Newly Published Research Illuminates the Impacts of Dictatorship on Citizenship

PhD in Leadership alumna Dr. Denise Tala has published her dissertation entitled, Living Through the Chilean Coup d’Etat: The Second-Generation’s Reflection on Their Sense of Agency, Civic Engagement, and Democracy. This dissertation illuminates how the experience of growing up during the Chilean dictatorship (1973–1990) affected the individual’s sense of self as citizen and the impact on their sense of democratic agency, civic-mindedness, and political engagement in their country’s current democracy. This generation was part of a social movement that managed to set aside its political and economic divides and its personal self-interests with the collective goal of restoring democracy.

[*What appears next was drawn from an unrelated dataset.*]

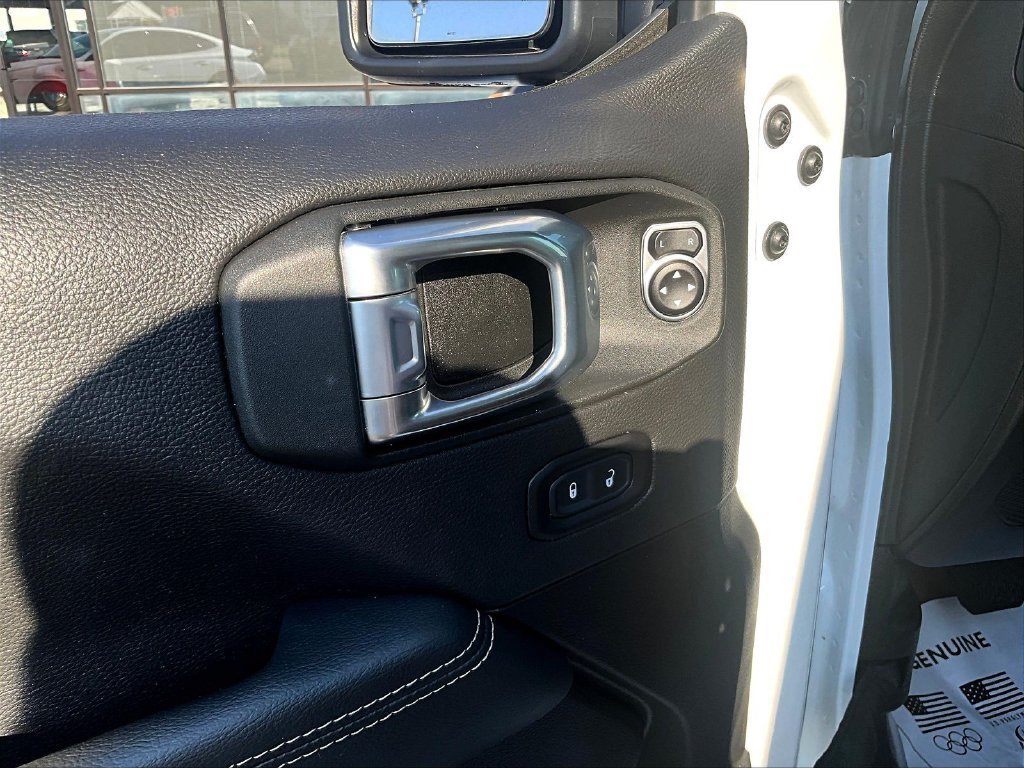 Used 2022 Jeep Wrangler Unlimited Sahara w/ Safety Group AWD/4WD image 19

Dr. Tala Diaz is originally from Chile. She spent her childhood and adolescence in Santiago, Chile’s capital, during Pinochet’s military regime. In her 20s she pursued her major in Sociology, in a time when the social sciences were considered subversive and dangerous for the military dictatorship. She has lived in different cities in the world such as Johannesburg, Seoul, Brussels, Los Angeles, California and Paris, where she encountered different people, realities and cultures, which allowed her to develop an understanding of social phenomena from a global point of view. She is currently a professor at the EDC Paris Business School for the Master Grande Ecole and also at the Business School of University of Chile in Santiago. She has worked for the private and public sector and has more than 15 years of experience in consulting, social and market research in different fields. She lives in Thomery, France and enjoys playing piano, traveling with her family and visiting “French brocantes” where the objects she buys have a story to tell.